The first row holds Primrose which I divided Tuesday. It also has a few snapdragons for some bloom in the summer months. Primrose are one of my first bloomers usually in April.
The second section is half full of columbine and I’ve seeded for next spring to have the entire row full of all colors. Columbine likes the shade and the cooler weather.
The section in front of the dinnerbell is lupine, bleeding heart, tall phlox, bleeding heart and more lupine in that order. Not much this year but you have to start somewhere.
Behind the bell is an area that I’m hoping will have pink and purple Cleome to accentuate the entire area with tall, delicate blooms. Most all of the plants in this bed are perennials or re-seeders.
I can’t wait to feel well enough to get back in my gardens but Mother Nature needs to slow down the winds and rain just for a few days! We also have about 65 acres of hay left to roll for our first cutting this year.
I love to work in the garden early in the morning or late in the evening after the sun has gone behind the mountain. Hubby does most of the gardening in the last three years and I’ve help do the harvesting and putting away for winter stores. This year doesn’t seem to be much of a gardening year. I noted in an earlier post that we had gotten unusual amounts of rain for our area and cooler temps and that we hadn’t been able to get our hay harvest complete. Well, we haven’t had much luck gardening either. This is what a garden is NOT supposed to look like.

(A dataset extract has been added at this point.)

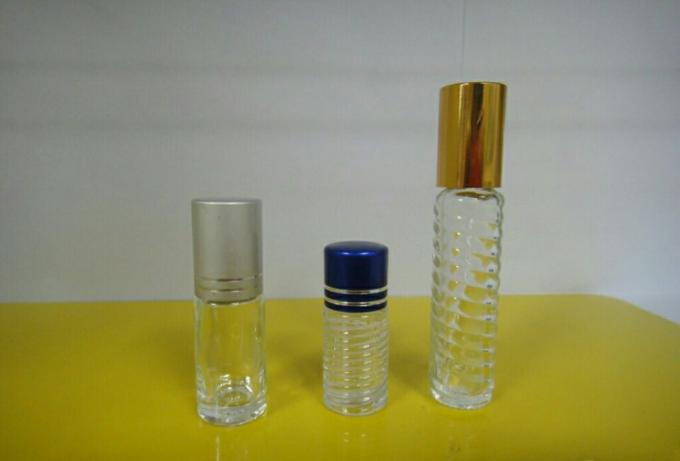 Automatisk liten rund flaska Horisontell flaska märkningsmaskin för självhäftande klistermärke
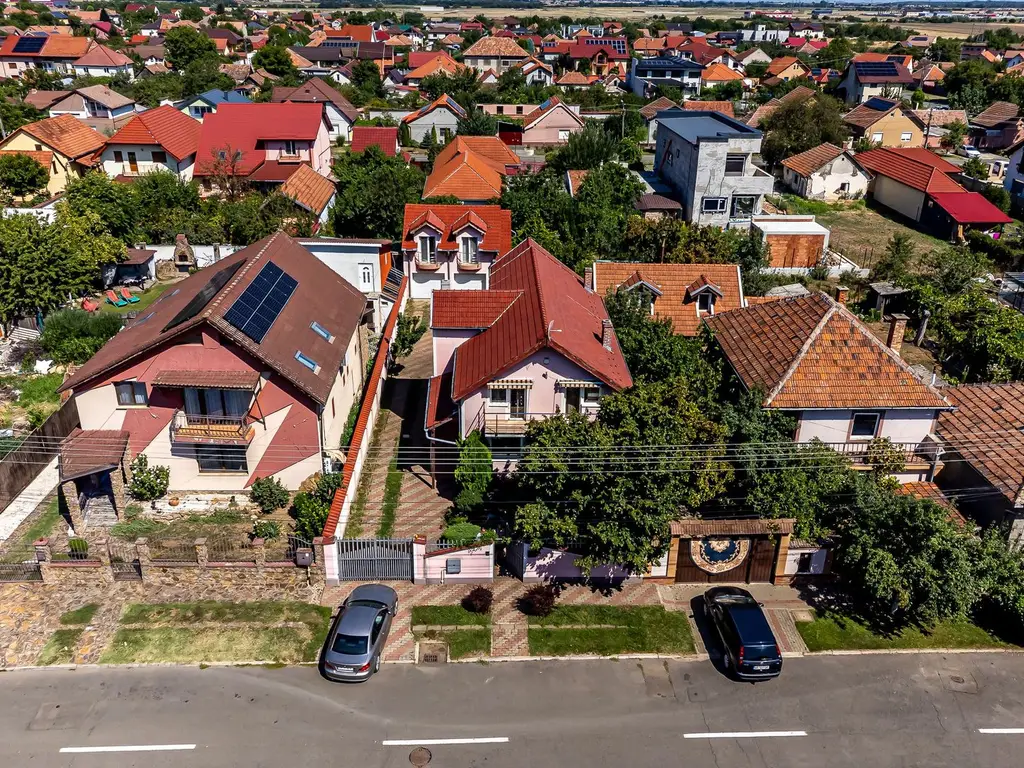 Vilă cu 6 camere în zona rezidențială - Poltura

Anybody see any beans in this mess? Weeds will grow with plenty of rain and no sunshine!
Corn that should be four or five feet tall is barely a foot tall.
Eggplant is beautiful but the weeds are starting to choke them out.
Easy to find the mole beans!
Hubby decided it will be best to salvage the onions and potatoes. We started pulling onions because some are rotting in the ground. He pulled one row and I laid them out to dry and we’ll pray they dry good and keep over the winter.
This is the best onion crop we’ve had in a long time.
These all came from one row in the garden and most of them are white onions.
Most of them are nice 3-4 inch heads.
The end of the row had a few red onions. The other row we haven’t pulled is yellow and red onions.
Hubby dug a two hills of potatoes to check on their growth and to make sure they weren’t rotting too. They’re much nicer than last years crop and they’re Yukon Gold potatoes.
New potatoes from the garden.
We’re not terribly concerned about our lack of a garden this year though we love to be fixing fresh vegies straight out of the garden but we have so much canned goods in the cellar from last year that is still so good. We definitely won’t go hungry this winter.
I got so tired of weeding in front of the front porch steps and the weeds are creeping though the stepping stones and around the entry flower pots. Plus, I have an injured knee that is preventing me from being that mobile right now. The weeds in my flower gardens has gotten way out of hand because I’m stuck in the house trying to meet my goal of finishing my “spring cleaning” by August 1st.
I found a wonderful weed killer and it doesn’t have any “ugly” chemicals in it. I promise and it works within 1-2 HOURS!! I read somewhere last week of a quick trick and tried it this morning at the front porch steps and down the walkway (large stepping stones from the farm). With in a hour and a half the weeds were brown and wilted and now dead. All I used was a spray bottle of straight white vinegar!! I sprayed the weeds pretty heavy and went back in the house to prepare to can some honey. My hubby came in shortly and told me I had a surprise out front. I followed him out on the front porch and was amazed as the results and was even more amazed at how quick it worked.
Wait until the sun goes down this evening, my yard won’t be the same!!!! I’m anxious to see if it just kills what’s above ground or if it it kills to the roots.
I’ll let you know soon!!
Update: It worked great and didn’t kill anything it wasn’t supposed to kill. It’s rained on it several times and doesn’t look like the weeds are coming back. I did have one small patch of poison oak that I tried it on and it DID NOT WORK!
Now to the rest of my flower beds that need major attention. Posts will follow the clean up.